Komisyon bir yana Tayyip Erdoğan da 6 hafta önce Türkmenistan dönüşü gazetecilere:
- Anadilde eğitim Türkiye’yi böler, demişti...
Aniden çark etme durumu ortaya çıktı...
Süheyl Batum bu ani dönüşü okyanus ötesinden gelen işarete bağlıyor... Dönüş yapan sadece AKP değil... Aynı şekilde CHP Genel Başkanı da birkaç ay öncesine kadar sık sık “Anadilde eğitim ülkeyi böler” derken o da ani dönüş yaptı... AKP girişimini sessizlikle izliyor.
Bu kadarla bitmiyor... Türbanın üniversiteye girmesine öncülük eden Kemal Bey şimdi kamuya ve Meclis’e girmesine de yeşil ışık yakıyor. Meclis iç tüzüğü değiştiği takdirde türbanlı milletvekiline engel kalmayacağı görüşünde. Anayasal ilkeleri ve engelleri unutmuş görünüyor...
CHP milletvekilleri Süheyl Batum, Nur Serter ve Dilek Akagün Yılmaz, Ulusal Kanal’da “Demokratikleşme Paketi”ni değerlendirirken şöyle dediler:
“Bu, Tayyip Erdoğan’ın ABD ve PKK ile anlaşarak çıkarmak istediği bir karşı devrim paketidir. Bizim buna evet dememiz mümkün değil... Zaten partimizin ilkeleri ve tabanı da buna izin vermez.”
Milletvekilleri böyle deyince programın yöneticisi Halil Nebiler sordu;
- Sizler böyle diyorsunuz ama Genel Başkanınız, bunlar bizim getirip AKP’nin kabul etmediği önerilerdir, diyor.
Yanıt Dilek Akagün Yılmaz’dan geldi.
- Hayır, hayır.
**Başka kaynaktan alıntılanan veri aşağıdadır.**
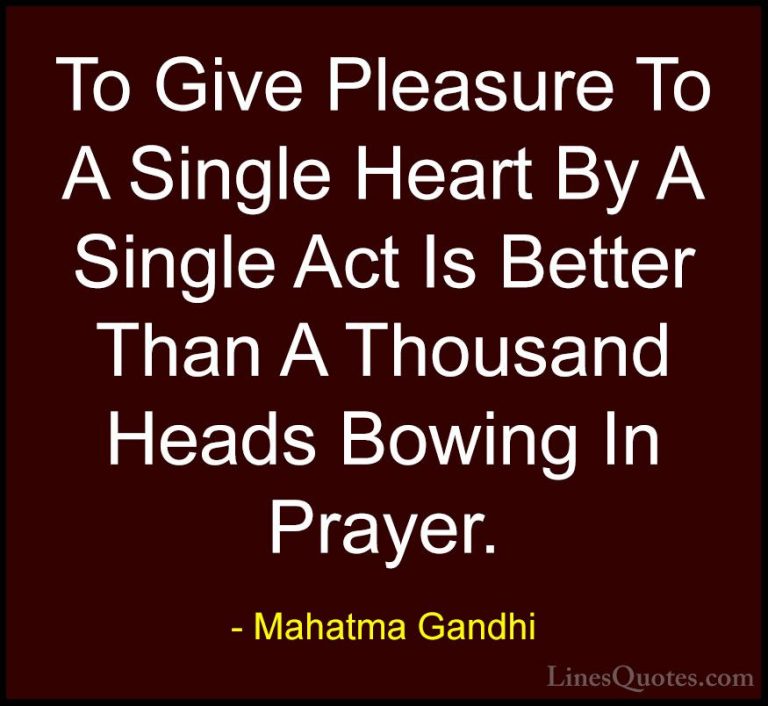 Mahatma Gandhi Quotes (47) - To Give Pleasure To A Single Heart B... - QuotesTo Give Pleasure To A Single Heart By A Single Act Is Better Than A Thousand Heads Bowing In Prayer.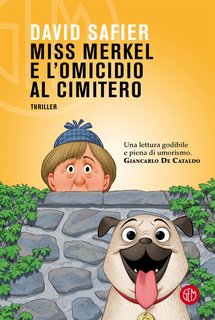 David Safier - Miss Merkel e l’omicidio al cimitero (2023)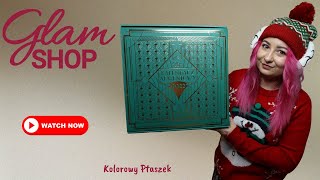 KALENDARZ ADWENTOWY GLAM SHOP 2022  Kolorowy Ptaszek [upl. by Eceeryt]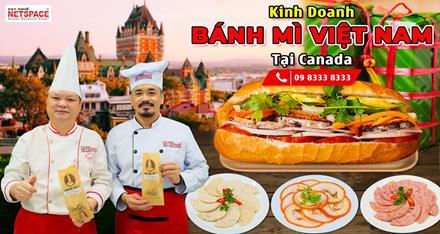 Kinh doanh Bánh Mì Việt Nam tại Canada
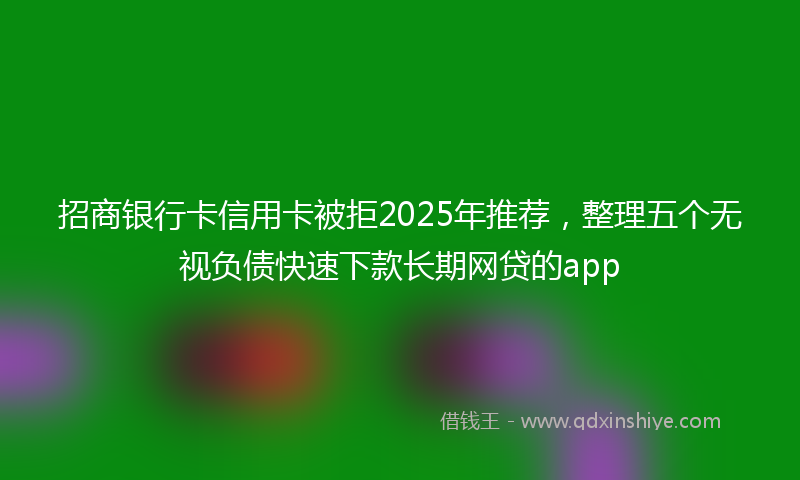 招商银行卡信用卡被拒2025年推荐，整理五个无视负债快速下款长期网贷的app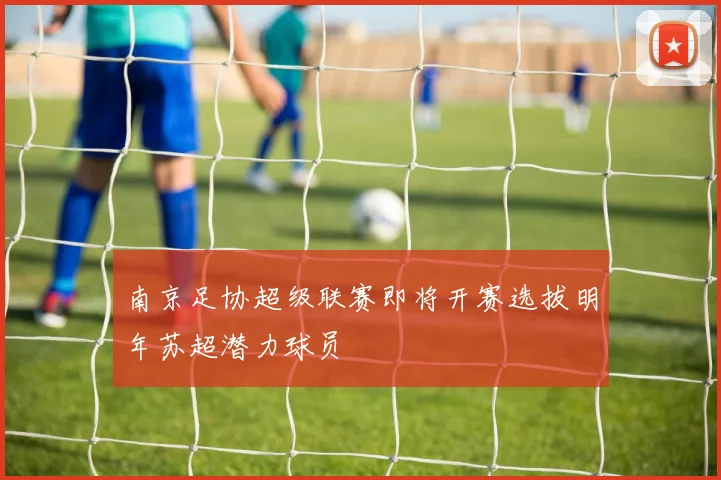 南京足协超级联赛即将开赛选拔明年苏超潜力球员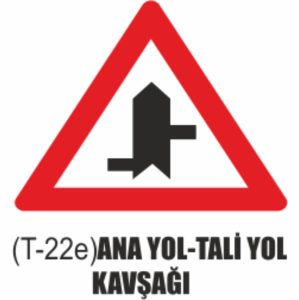 Ana Yol-Tali Yol Kavşağı Tabelası - Uyarı Levhaları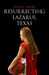 Resurrecting Lazarus, Texas (Kindle Edition)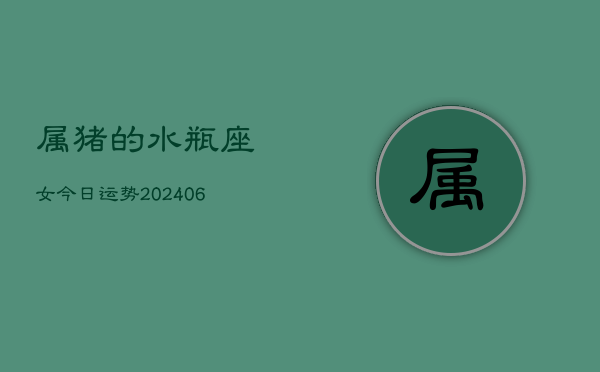 属猪的水瓶座女今日运势(6月15日)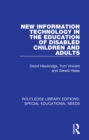 Image for New information technology in the education of disabled children and adults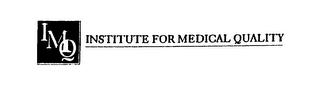 IMQ INSTITUTE FOR MEDICAL QUALITY trademark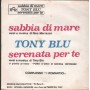 Tony Blu Vinile 7" 45 Sabbia Di Mare RC Record – 0013 Nuovo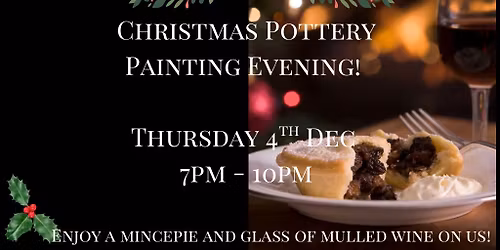 Christmas Pottery Painting Evening!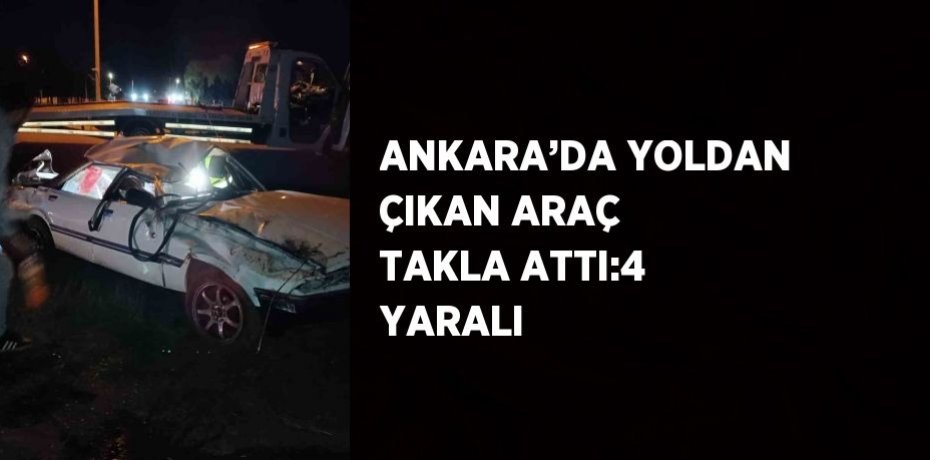 ANKARA’DA YOLDAN ÇIKAN ARAÇ TAKLA ATTI:4 YARALI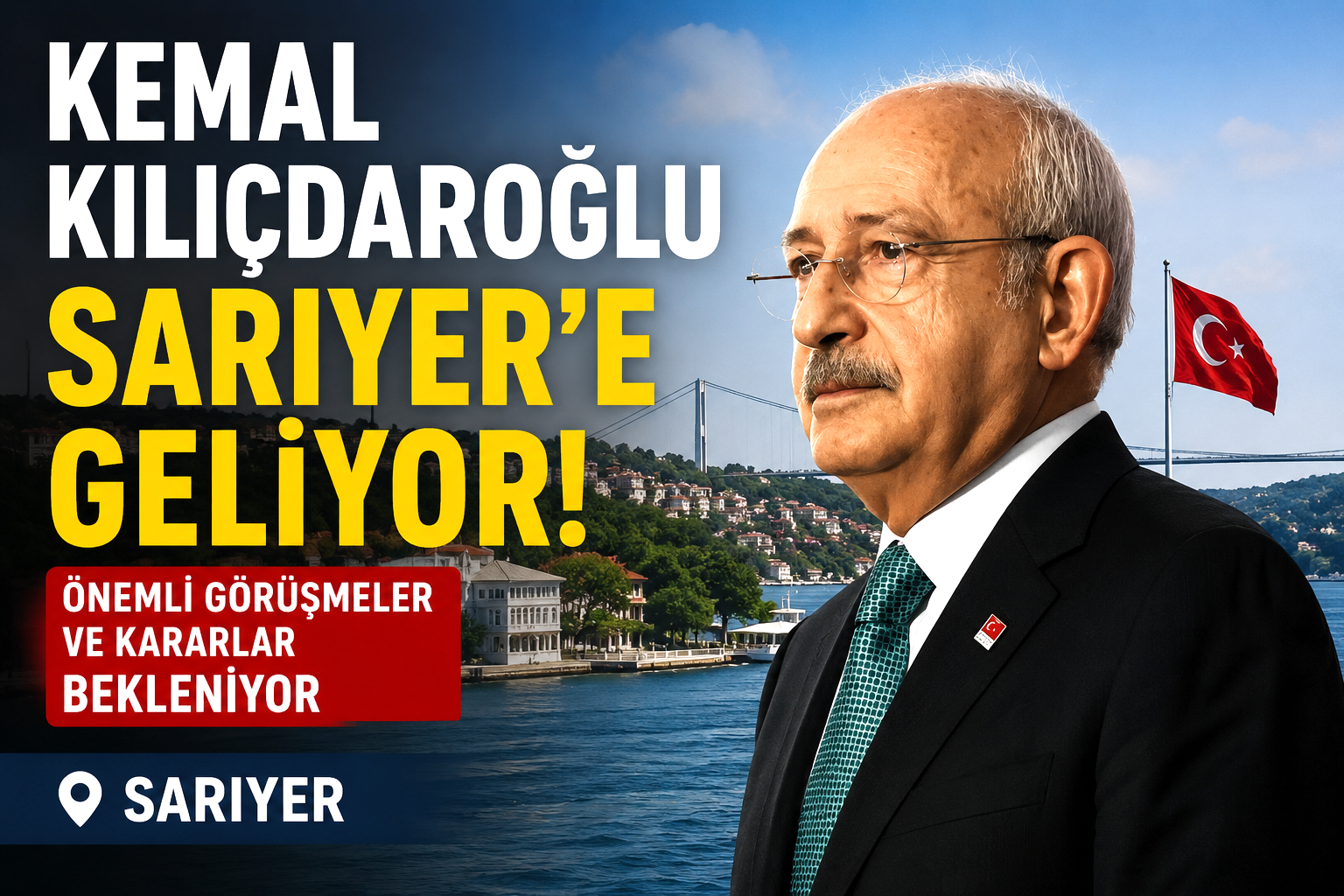 Kemal Kılıçdaroğlu Sarıyer'e geliyor!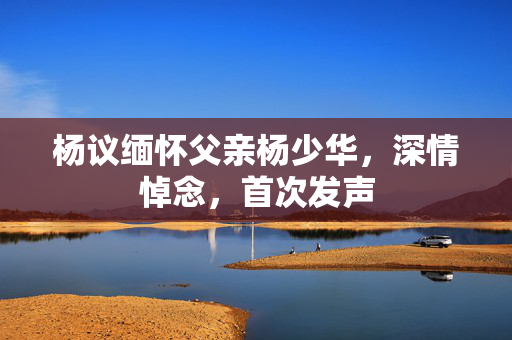 杨议缅怀父亲杨少华，深情悼念，首次发声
Bizim CHP olarak örneğin ne Andımız’ın kaldırılması ne kamuda türbana serbestlik tanınması ve ne de anadilde eğitim konularında verilmiş hiçbir yasa önerimiz yoktur.
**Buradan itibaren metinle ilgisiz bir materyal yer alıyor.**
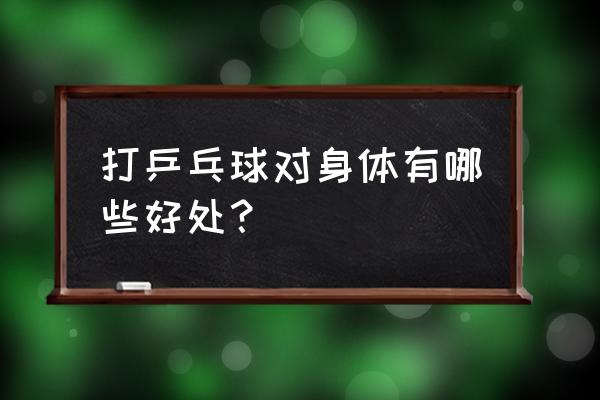 自己打乒乓球可以防近视吗 打乒乓球对身体有哪些好处？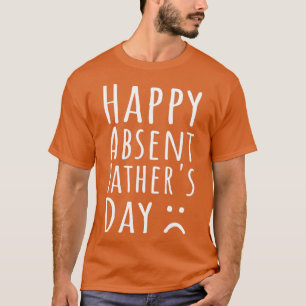 Lycklig frånvarande Far Dag 1 T Shirt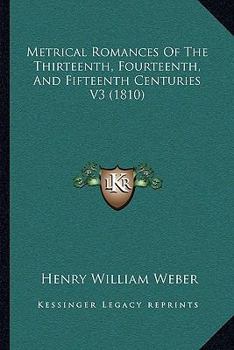 Paperback Metrical Romances Of The Thirteenth, Fourteenth, And Fifteenth Centuries V3 (1810) Book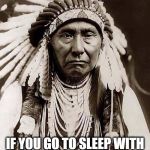 Indian saying | OLD INDIAN SAYING:; IF YOU GO TO SLEEP WITH AN ITCHY ASS,
YOU WAKE UP WITH A SMELLY FINGER | image tagged in indian chief,ass | made w/ Imgflip meme maker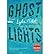 Ghost Lights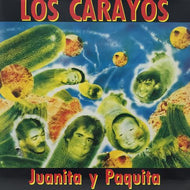 LOS CARAYOS / JUANITA Y PAQUITA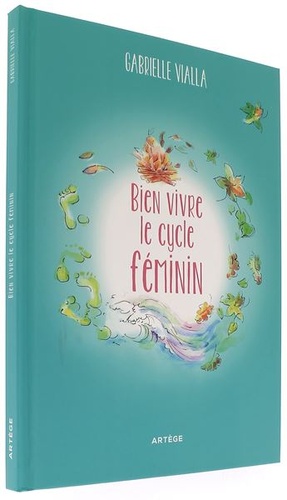 Bien vivre le cycle féminin / Gabrielle Vialla 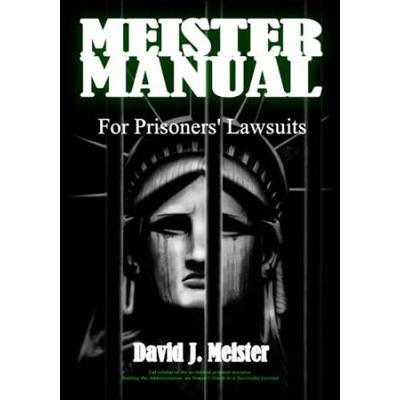 Meister Manual For Prisoners Lawsuits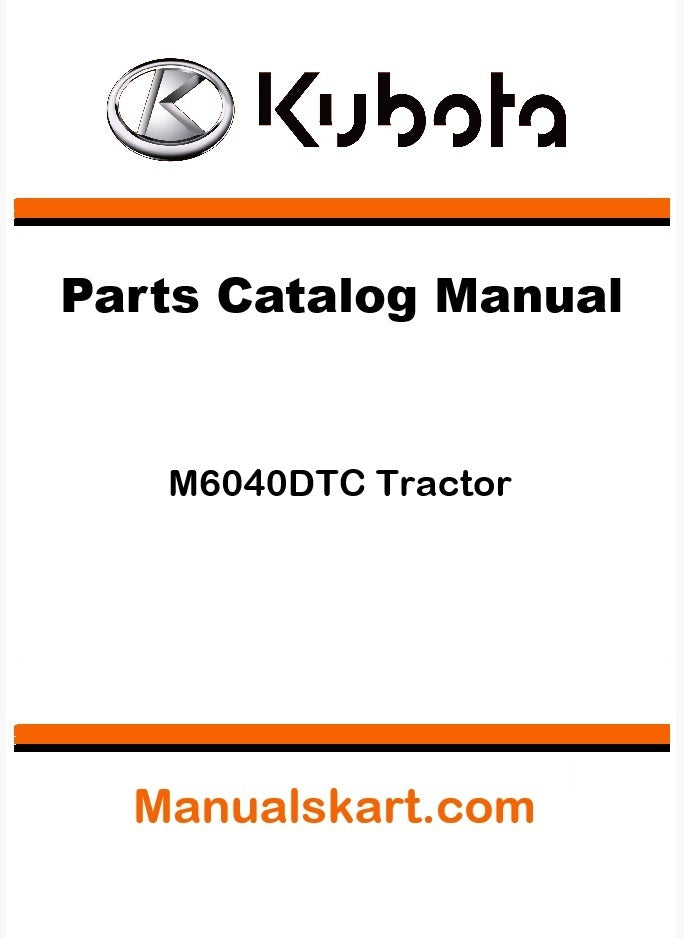 Kubota M6040DTC Tractor Parts Catalog Pdf Manual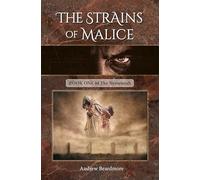 The Strains of Malice: Book One of The Nessemiah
Genel Başkan Kılıçdaroğlu, paketteki önerilere açık bir itirazda bulunmadı...
Türkiye’de yargı iktidara bağlı kaldıkça, basın ve televizyonlar Başbakanlık’tan telefonla yönetildikçe ne demokrasi olabilir o ülkede, ne demokratikleşme. Zaten demokrasinin olduğu ülkede demokratikleşmeden söz etmek de abes kaçar.
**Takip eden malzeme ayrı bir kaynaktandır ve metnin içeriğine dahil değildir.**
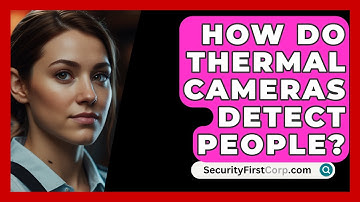 How Do Thermal Cameras Detect People? - SecurityFirstCorp.com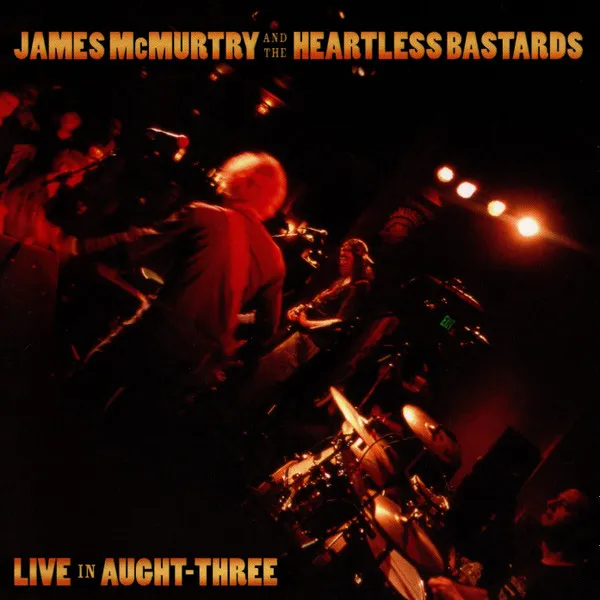 JAMES MCMURTRY AND THE HEARTLESS BASTARDS / LIVE IN AUGHT-THREE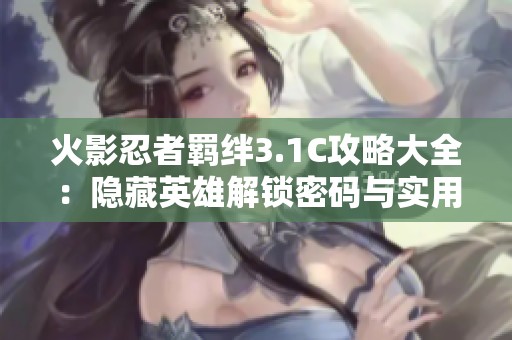 火影忍者羁绊3.1C攻略大全：隐藏英雄解锁密码与实用策略解析
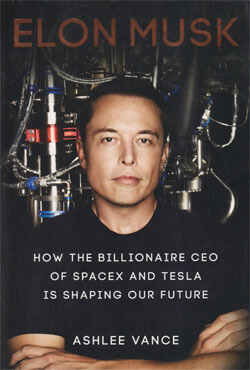Elon Musk : How the Billionaire CEO of Spacex and Tesla is Shaping Our Future (পেপারব্যাক)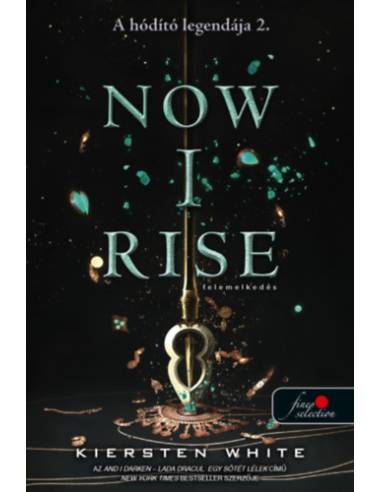 Now I Rise - Felemelkedés - A hódító legendája 2.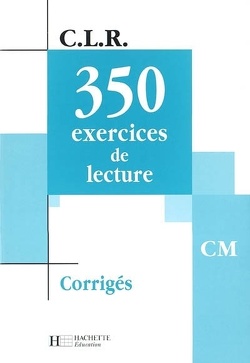 Couverture de 350 exercices de lecture CM : corrigés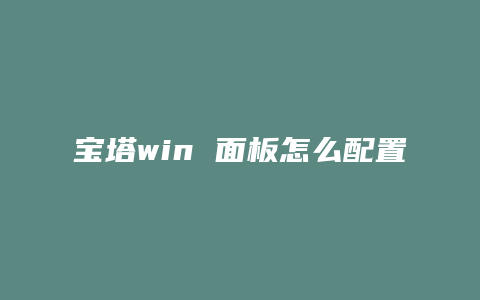 宝塔win 面板怎么配置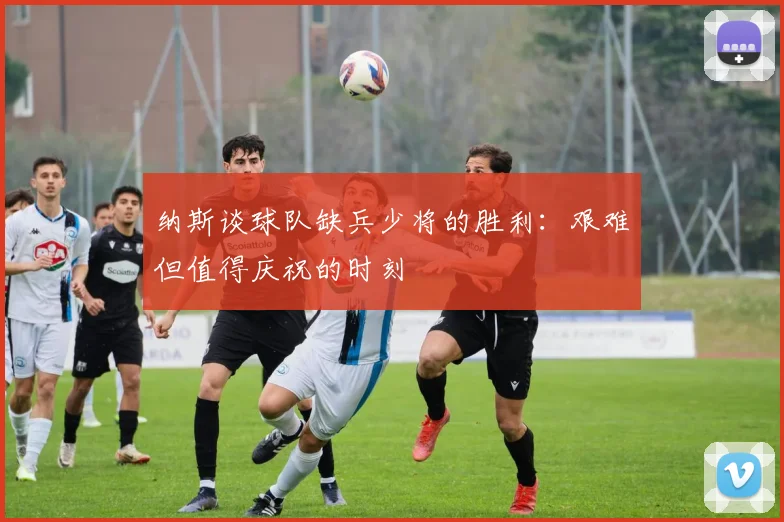 纳斯谈球队缺兵少将的胜利：艰难但值得庆祝的时刻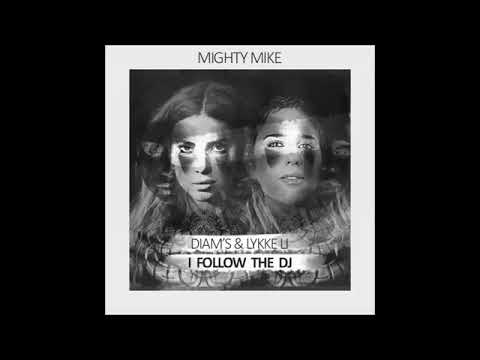 I follow the dj-- remix de Mighty Mike ( Diams et Lykke U)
Son açılan paket nedir derseniz...
Tarikat dernekleri ile PKK’nin isteklerinin hayata geçirilmesidir.
Demokratikleşme maskesiyle o istekler hayata geçirilirken...
Aynı zamanda irtica ve bölücülükle mücadeleye ceza getirilmiştir.
BDP ile tarikatçı örgütler uzun süredir “Andımız”a karşı “Varlığımı Türk varlığına armağan etmeyeceğim” başlığı altında kampanya yürütüyordu.
Oysa birçok ülkede öğrenciler benzer yeminler eder...
Kemal Kılıçdaroğlu üniversitede türban sorununu çözeceği iddialarını 2010 yılı referandumu öncesinde hızlandırdı. Ortada anayasal engeller varken bu sorunu nasıl çözeceği sorularına doyurucu yanıt veremiyordu ama...
Bu kadarı AKP için yeterliydi... İktidarın işaretiyle YÖK üniversite rektörlerine gönderdiği genelgelerle türbanı fiilen serbest bıraktırdı. O zaman sık sık yazılmıştı...
“Siz yasalar varken türbana yeşil ışık yakarsanız ilkokula kadar iner... Kamuya da sıçrar...”
Bunlar söylendiğinde Kılıçdaroğlu garanti veriyor, örneğin 10 Ekim 2010 tarihli demecinde şöyle konuşuyordu:
“İlköğretim ve ortaöğretimde türban diye bir şey olmaz. Orada devletin koyduğu kurallar vardır. Kamuda da konan kurallar vardır. Bir milletvekili TBMM Genel Kurul Salonu’na kravatsız girebiliyor mu?”
Murat Yetkin bakın 1 Kasım 2010’da Radikal’de ne yazmış:
“Kılıçdaroğlu CHP’nin tutumunu değiştirip üniversitelerde türbana itirazını kaldırınca, Erdoğan bu hamleyi görüp kamuda türban konusunu açtı. Şimdi bunu tartışmanın eşiğindeyiz...”
Paket: “Türkiye’yi prangalarından kurtaracağız...” gibi iddialı sloganlarla açıldı. En önemli iki maddesi kamuda türban ve anadilde eğitim idi. Başbakan dedi ki:
- Özel okullarda farklı dil ve lehçelerde eğitim verilmesini mümkün hale getiriyoruz.
Yani İngiliz, Fransız, Alman kolejleri gibi özel Kürt kolejleri de olacak artık...
Aynı Başbakan geçen ağustos ayında tam tersini söylemişti. 16 Ağustos’ta Türkmenistan dönüşü uçakta Hürriyet temsilcisi Metehan Demir, Başbakan’a soruyor:
- Pakette anadilde eğitimin önü açılıyor deniyor. Ne boyutta düzenleme?
- Hayır yok. Özel okullarda da yok. Biz, ülkemizi bölecek konular üzerinde adım atamayız. Zamanlama çok önemli. Zamanlamayı iyi yapmazsanız ülkemize yazık edersiniz. Biz zaten okullarda anadili öğrenme imkanı sağladık. Ama anadil ile eğitimin önünü açarsanız resmi dili zedelersiniz.
Altı hafta önce ülkeyi bölecek bir adım 6 hafta sonra pakete girmiş.